To find cool bikes in Italy is not all that hard – they’re everywhere. The bikes were picked just like the costumes – we proposed ideas according to what seemed to suit the characters best. For the cars, it was a bit more complicated. To find enough of them to animate all the scenes in the streets without having to always use the same few cars was difficult. A team was in charge of retrieving all the cars in the region that could work together, in terms of style and timeframe, from the smaller Fiats to the bus.

Elio and Oliver’s trip together has so much packed into such a short amount of time. The Serio Falls, the hotel room, the streets of Bergamo … could you tell me about it all? Those few moments on the empty streets are so visually exciting.

The languor at the beginning, this extended moment in time infinitely speeds up toward the end. These characters are trying to see the maximum number of things within the time they had left, to discover it all together, alone in the world. It’s interesting too, how Elio discovers more of this country he lives in but through Oliver’s eyes. What can I say about these places? You know, the mountain landscapes were amazing – I am slightly frustrated that we don’t see more of them in the movie! The streets of Bergamo are pure Bergamo, and the hostel room was really in a hostel in Bergamo! Empty spaces, be they countryside roads, the streets of Crema or Bergamo, they all contribute to that bubble I was talking about. When I say that the setting is a way for Luca to express himself, these empty spaces that Elio and Oliver visit and live in are a perfect example of this.

What’s something you’re especially proud of in Call Me by Your Name?

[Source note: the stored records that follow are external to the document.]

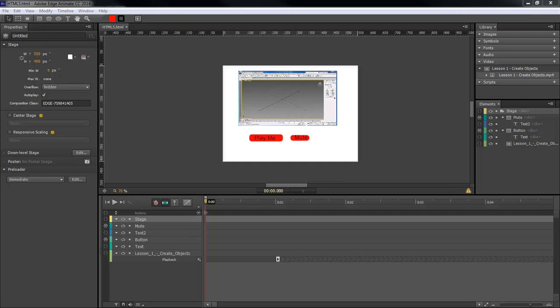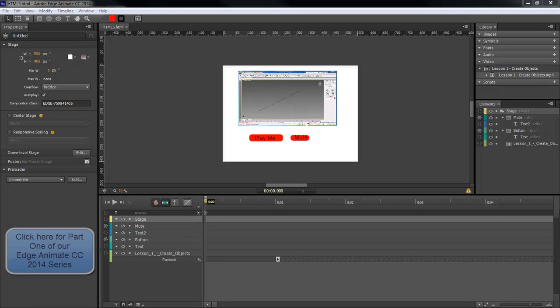What's up, Wayne Brown here with Adobe Edge Animate CC 2014 for lesson number two. We're still inside of our video elements, so if you did not see part one, please click here to go to part one.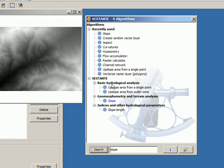In this video we're going to execute a Sextante algorithm. I have selected the slope algorithm because it's a very simple one and everyone understands what the slope means. I'm going to execute this algorithm to show you how to set up the parameters needed to execute any algorithm in Sextante.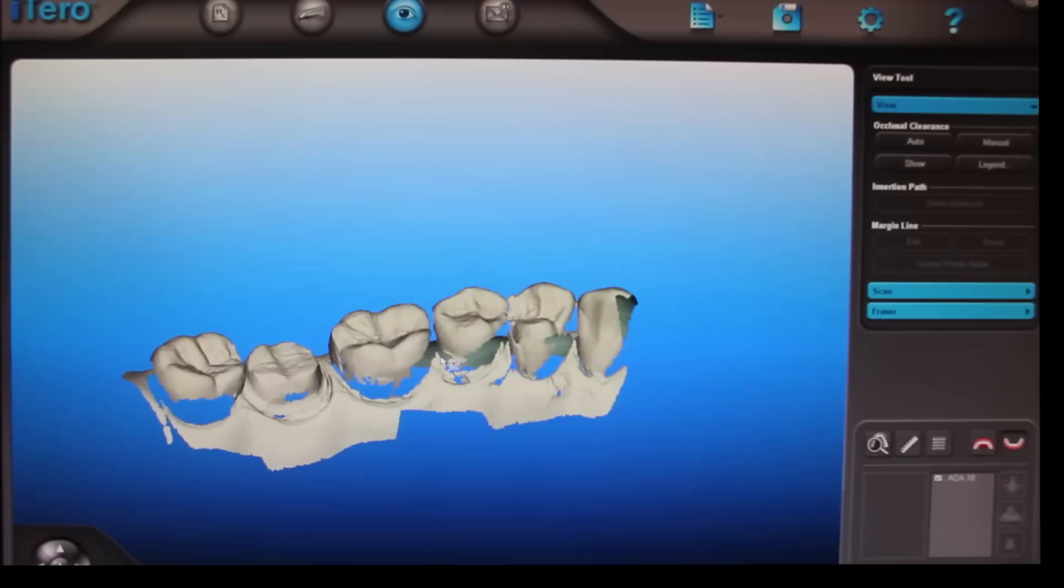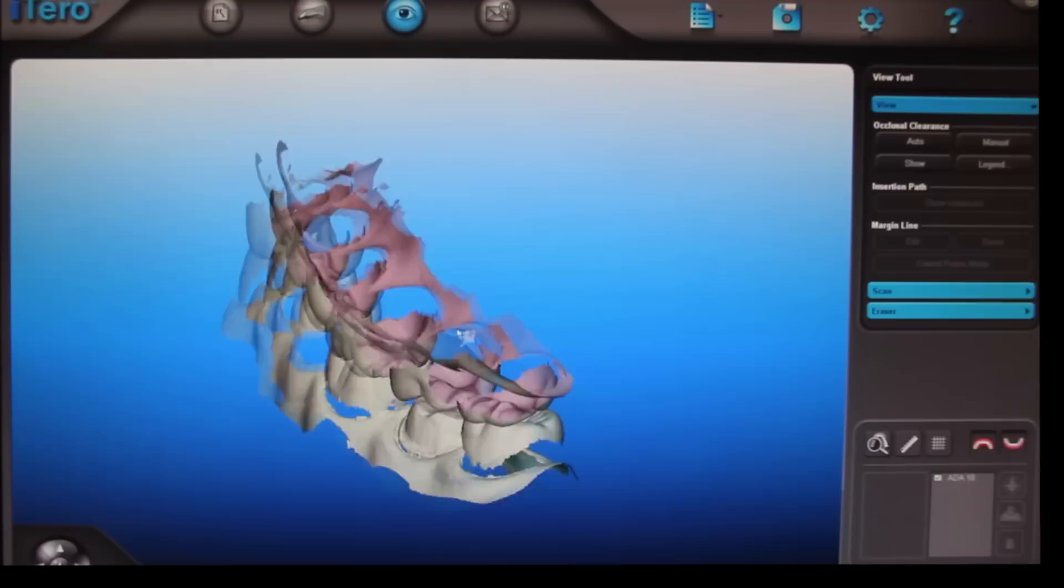If we put the other jaw on it, then you can spin it around and see how the bite is, to see how the teeth fit together. And then from this point, if you like how it looks, we hit send. And it's sent off to the lab in New Jersey where a model is made out of polyurethane, which is like bowling ball material. And then it's sent to our laboratory in Virginia where they fabricate the crown.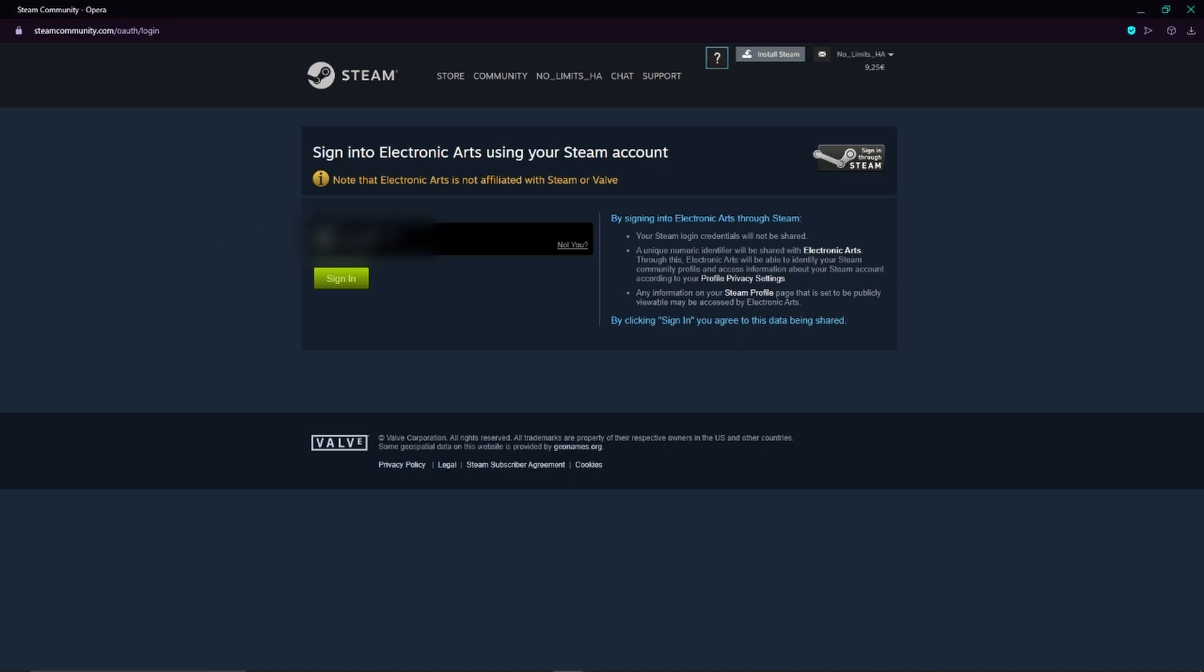You just have to follow the steps which are mentioned here. And if you have done all of these steps, then you have already linked your Steam account with your Origin account.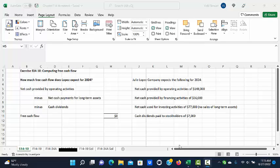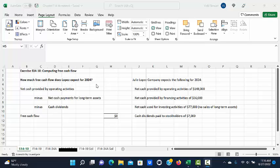Net cash used for investing activities of $77,000 with no sales of long-term assets, and cash dividends paid to stockholders of $7,000. The problem asks us how much free cash flow does Lopez expect for 2024?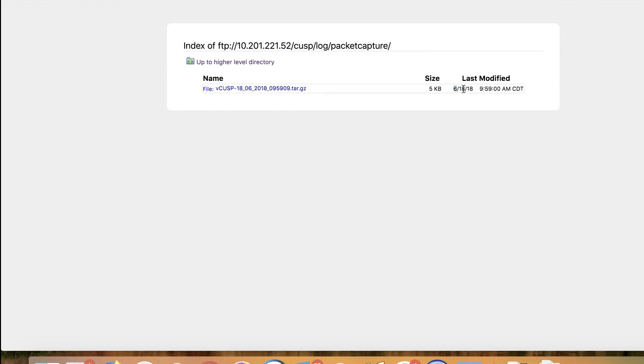Inside this folder is where you will find the packet capture. You can see this by the last modified date and time as the best way to see if your packet capture was completed. I hope this video has been useful and thank you for watching.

More than proud, I am happy to see the result of this adventure. It was not always easy with such reduced time and small budget. But every one of us gave it our best, and the result is there. What makes me the happiest is the reception of the movie. It’s often a delicate process to adapt a book that people loved. There’s always a risk to misrepresent or counteract the readers’ interpretations. It’s nice to have an audience relive a story that is familiar to them through Luca’s gaze.

Thank you.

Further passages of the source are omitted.